Alas! I could only gaze out of the window and look rather than venture out and try my continuing best to photograph some of the beauty which is a daily occurrence looking at the every changing sea. The evening sky was astonishing with a band of bright orange looking as though someone had painted it in a most unconvincing manner – but to stunning effect.

I have just listened (thanks to the wonder of my internet radio) to a programme on Radio 4 called ‘Beanz Meanz Rimez’ – a discussion of the use of poetry in advertising. It was almost ‘perfect’ Radio 4 fare exactly attuned to their target audience. By way of illustrating the sort of poetry used they cited various slogans, “some going back fifty years” and I knew them all!

Many of those slogans have been resting quietly in my deep memory for many years. When was the last time that I heard, “This is luxury you can afford with Cyril Lord” or “You’ll wonder where the yellow went when you brush your teeth with Pepsodent” and heard the music behind them? Spain (and I suspect the rest of the world) has little of offer by way of competition on a daily basis with the quality of product that Radio 4 turns out. The sad thing is that most of the population of the UK do not realise what a treasure they have lurking in the radio waves around them and rarely tune in. A real loss.

My internet radio should allow me easy access to the BBC but it is a sensitive little machine and dislikes being moved from place to place. There are also areas of sulkiness where the radio refuses to work. It has a radio link with the internet and you would suppose that wherever the laptops work then the radio will work too, but this is sadly not the case and it has a quirky coquettish refusal rate which is infuriating, especially when you are just being offered a typically quixotic piece of essential information much beloved by a typical Radio 4 listener.
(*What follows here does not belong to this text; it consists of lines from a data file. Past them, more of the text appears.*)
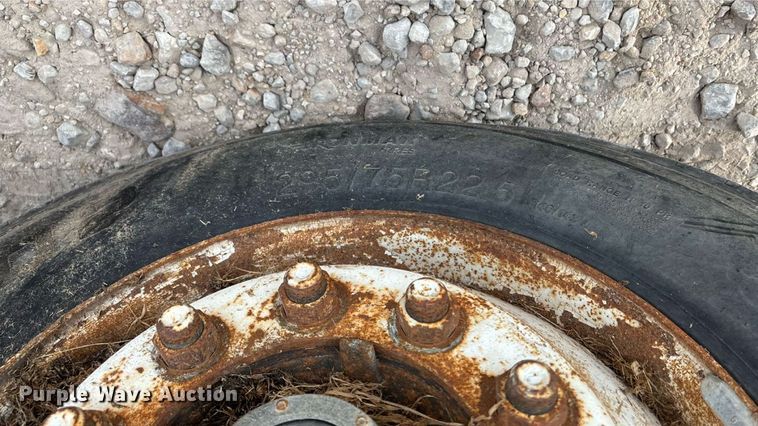 image for item ED2206 1996 International F-8200 truck cab and chassis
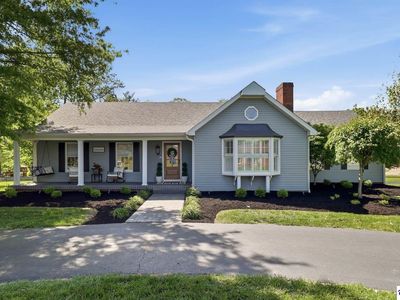 500 Forest Hills Dr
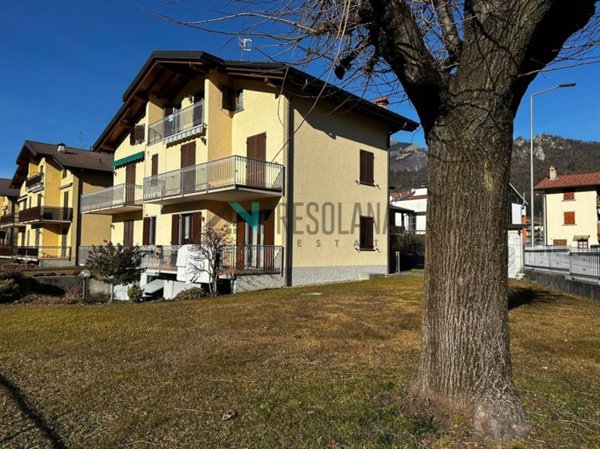appartamento in vendita a Clusone in zona Fiorine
In spite of self pitying illness, I am not so infirm that I am unable to claim my share of the 'panellets' which are customary for All Saints Day. These are traditional sweets which are composed of marzipan and various other additions to get the taste buds tingling. One of the most delicious is a ball of marzipan covered with glazed pine nuts. They come in a variety of shapes and flavours and for me they actually look better than they taste.

This is another one of the traditions of Catalonia which is at risk because of the progressive Americanization of the world. The vulgarity of ‘trick or treat’ has even penetrated Catalonia much to the disgust of traditionalists who regard such foreign imports as diluting the culture of an already much threatened region.
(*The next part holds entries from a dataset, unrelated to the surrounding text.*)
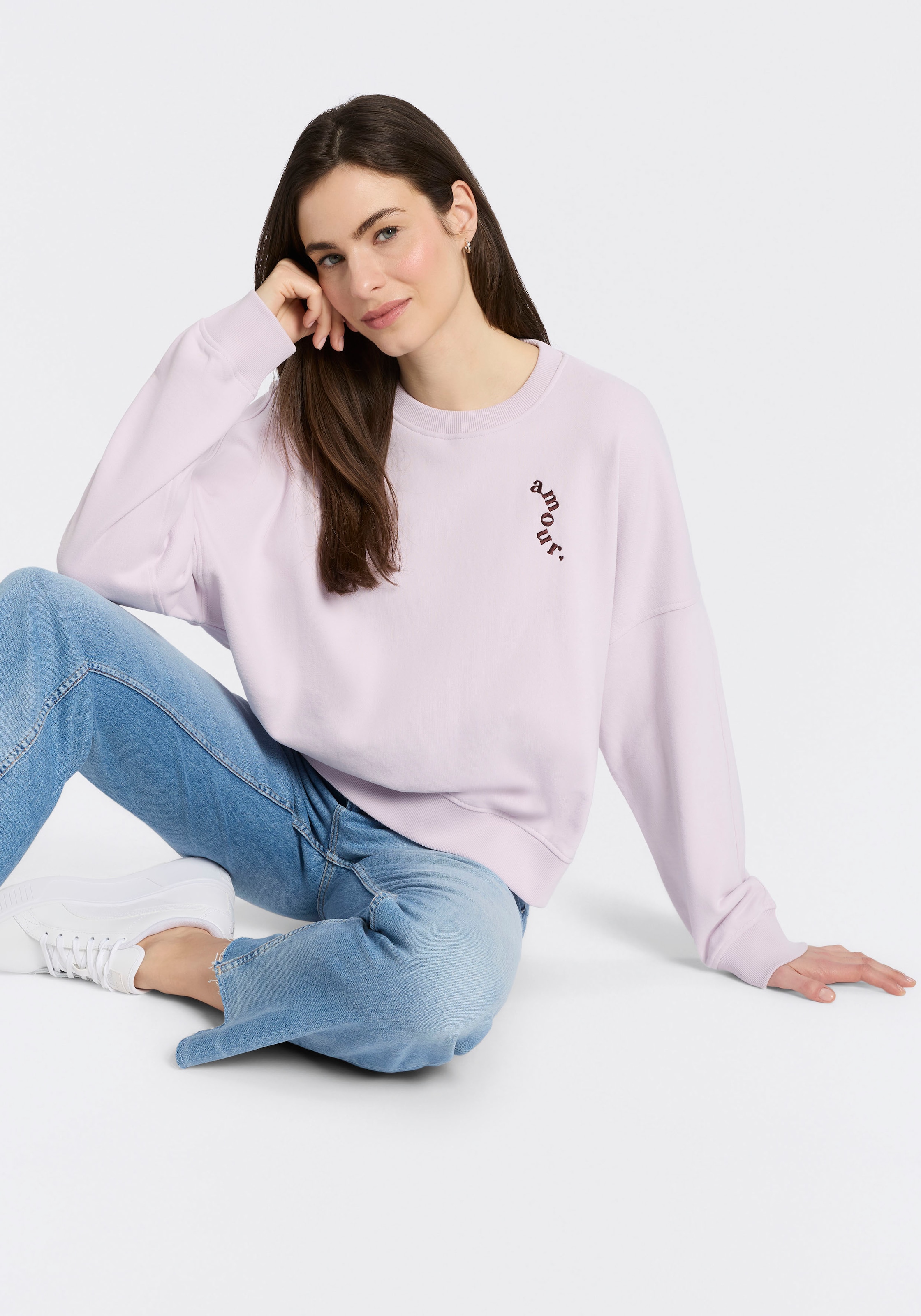 BOSS ORANGE Sweatshirt "Ever Valentine Premium Damenmode", mit Stickerei, Oversize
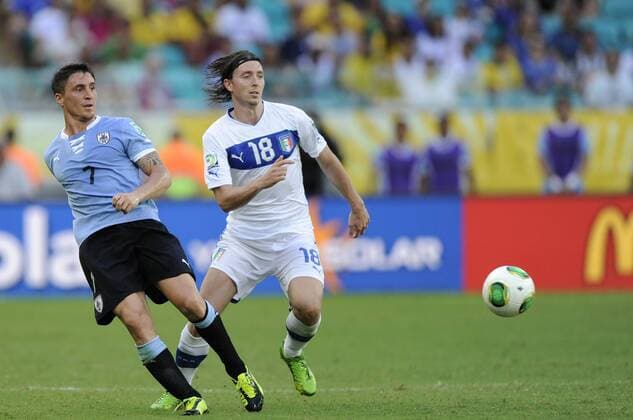 Uruguay s Cristian Rodriguez (L) vies for the ball with Riccardo Montolivo of Italy during the FIFA s Confederations Cup Brazil 2013 match for the third place in Salvador, Brazil, on June 30, 2013. Italy won 5-4. (Xinhua Nicolas Celaya) (itm) (SP)BRAZIL-SALVADOR-CONFEDERATIONS-URUGUAY VS ITALY 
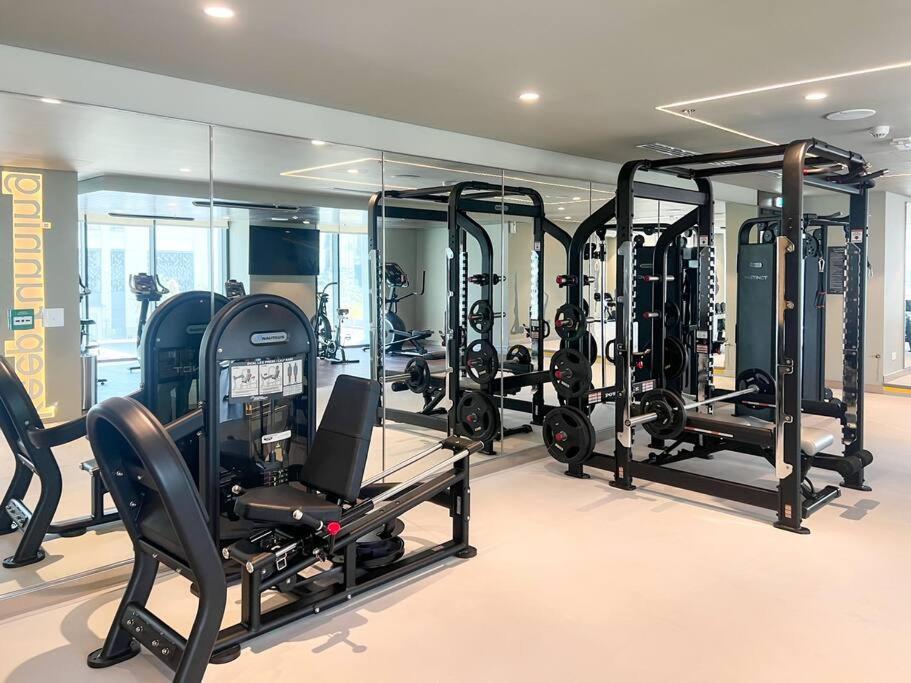 Stylish 1 Bedroom High Floor In Creek Edge *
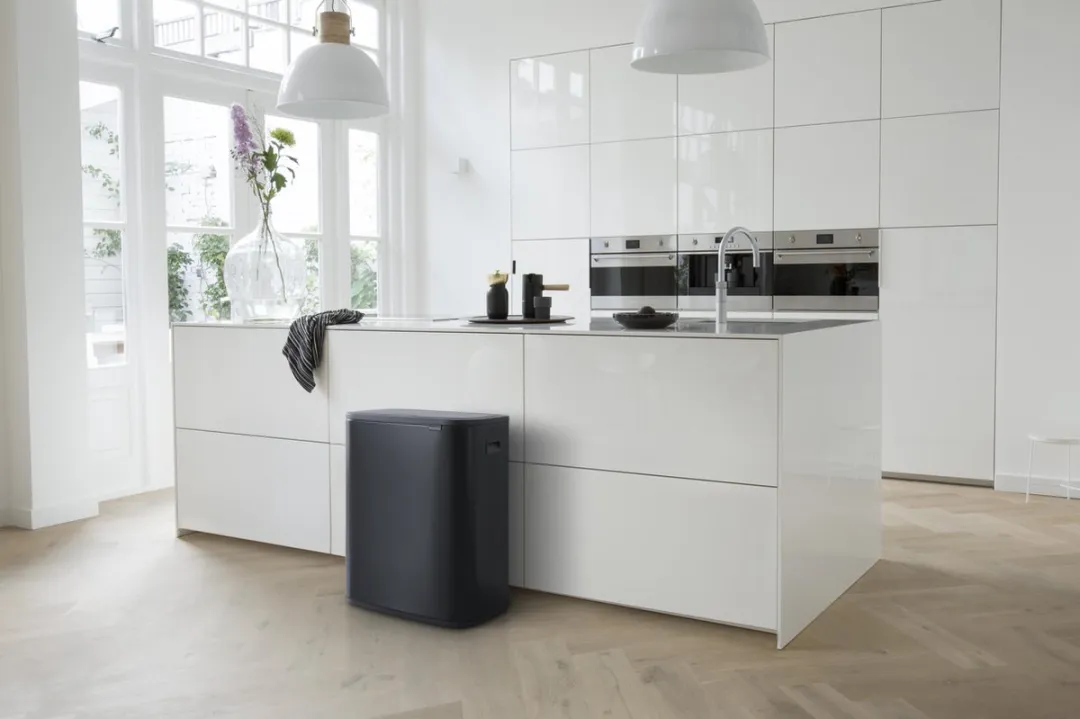 Brabantia Bo Touch Bin Prullenbak 60L - 1 Vak Matt Black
Talking of culture I have started re-reading ‘Jane Eyre’ – a by product of having my Sony e book reader filled with classic (out of copyright) novels and short stories. I merely wanted to look again at the opening as the weather outside reminded me of the conditions that prevented Jane from taking her walk, but a few paragraphs and I was hooked again.

Jane’s exchanges with her aunt are among my favourite passages in literature. Who is not on her side as she speaks her mind and the only response that Mrs Reed can give is, “What more have you to say?” in a “tone in which a person might address an opponent of adult age than such as is ordinarily used to a child.”

At that point Jane was not a child who needed more encouragement and thrill that a young reader gets from the defiance of her continued condemnation of her aunt is only matched by the adult reader who can perhaps understand her frustration more closely.

“I am glad you are no relation of mine: I will never call you aunt again as long as I live. I will ever come to see you when I am grown up; and if any one asks me how liked you, and how you treated me, I will say the very thought of you makes me sick and that you treated me with miserable cruelty.”

There is not even an exclamation mark at the end of that statement because, as Jane herself says, “it is the truth.” That at least is in italics and is to be a strength and a cross for Jane for the rest of her life.

It is wonderful stuff and its complexity is, paradoxically, one of its great strengths. What some modern readers find prolix is nothing of the sort; Bronte only uses the words she needs.

Like an early Giles cartoon there is always something new to be found in the books one loves.

Including the ones that one has forgotten!

The truly great thing about loving reading is that your drug is inexhaustible and unlike the other more destructive forms of addition you can reuse your ‘drug’ time and time again – and the purest form of drug does not suffer from that economic concept of ‘eventually diminishing returns’ but almost renews itself with each use transforming itself in accordance with your life experience.

A true delight!

Saturday, November 01, 2008

What day is it?










When a day that you happen to know is Wednesday starts off sounding like Sunday, there is something seriously wrong somewhere.

The opening of ‘The Day of the Triffids’ always comes to mind when the days do not appear to be following their true diurnal characters and your sense of time is being taken down a different part.

If asked I would have sworn that today was Sunday. The less than encouraging weather meant that the tourists were not out in force so all the restaurants and cafes had a forlorn, abandoned look and
the traffic was sparse.

What is even more surprising is that we can now get a menu del dia at the weekends as well as during the week. Although this is normal elsewhere, it doesn’t usually obtain in Castelldefels. It is another sure sign that the season is truly at an end.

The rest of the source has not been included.